1984 - 1987
Designed to succeed Honda's first two-stroke Grand Prix racer, the NS500 triple, NSR500 debuted in 1984 for the Grand Prix motorcycle racing's 500 cc class. Building on lessons learned from its three-cylinder predecessor, the new V4 used a single crankshaft, making it lighter and more compact than its dual-crankshaft adversaries. Though tormented by unorthodox chassis technology in its first season, the NSR500 evolved to clinch Honda's second 500 cc GP title in 1985. Opening the V-angle to 112 degrees in 1987 made room for a quartet of 36 mm Keihin carburetors between the cylinders where they could be fed more cool air. The new arrangement also let the engine exhale more efficiently through its four artfully intertwined expansion chambers. By year's end, Honda won a third 500 World Championship.

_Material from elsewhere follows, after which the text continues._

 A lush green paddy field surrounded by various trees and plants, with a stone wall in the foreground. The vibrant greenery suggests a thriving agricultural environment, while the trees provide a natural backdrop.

Entirely redesigned for 1988, the NSR500 got a stiffer, twin-spar aluminum chassis and various engine changes. More improvements gave the 1989 NSR500 upwards of 165 horsepower (123 kW) at 12,000 rpm — essentially doubling the output of the 1966 Honda RC181 Grand Prix four-stroke. Capable of well over 190 miles per hour (310 km/h), the 1989 bikes had more top speed and acceleration than anything else on the track. To contain all that muscle, the stiffer, twin-spar aluminum chassis used a curved, gull-wing-type swingarm to accommodate more efficient expansion chambers. The result was an unforgiving, but brutally fast, package that earned Honda a fourth 500 cc World Championship in 1989.
Though the 499 cc V-4 could produce more than 200 horsepower (150 kW), chassis development, sophisticated engine management and an Australian named Mick Doohan made the NSR500 a legend in the 1990s. Extensive testing in 1991 led to a new aluminum chassis patterned on the successful RVF750 endurance racer. Honda unveiled a revolutionary idea with a 1992 V4 that was timed to fire all four cylinders within 65-70 degrees of crankshaft rotation — the so-called "Big-Bang" engine. Along with a balance shaft that neutralized the single crankshaft engine's gyroscopic effects, the 1992 NSR500 was a breakthrough. Emphasizing acceleration over sheer speed, Doohan used this engine to win five of the first seven 500 Grand Prix races of 1992. Although a badly broken leg denied Doohan's bid for the 1992 World Championship, he would not be denied for long. Beginning in 1994, Doohan and the NSR500 won five consecutive 500 cc World Championships. Winning 12 of 15 races in 1997, he broke a single-season win record that was set in 1972. Combining for 54 total 500 Grand Prix wins, no man and machine in modern history had dominated the 500 World Championship so thoroughly. From around 1997, the NSR500 again featured the older "Screamer" engine in some factory racers, with Mick Doohan preferring the higher outright power of this design despite it being much more difficult to harness.
Constant development and ever-increasing sophistication sharpened the NSR500's edge, earning Honda two more 500 World Championships, with Àlex Crivillé in 1999 and again with Valentino Rossi in 2001. Regulations for the World Championship motorcycle road racing 500 cc class were changed drastically for the 2002 season with four-stroke engines being allowed to grow up to 990 cc and up to six cylinders. The name of the class was changed to MotoGP and was limited to race prototypes only. Because of these changes, Honda introduced the RC211V in 2002 to race alongside the NSR500. The larger displacement RC211V and other four-stroke bikes dominated the series and the NSR500 was eventually phased out of the class along with all other two-stroke motorcycles.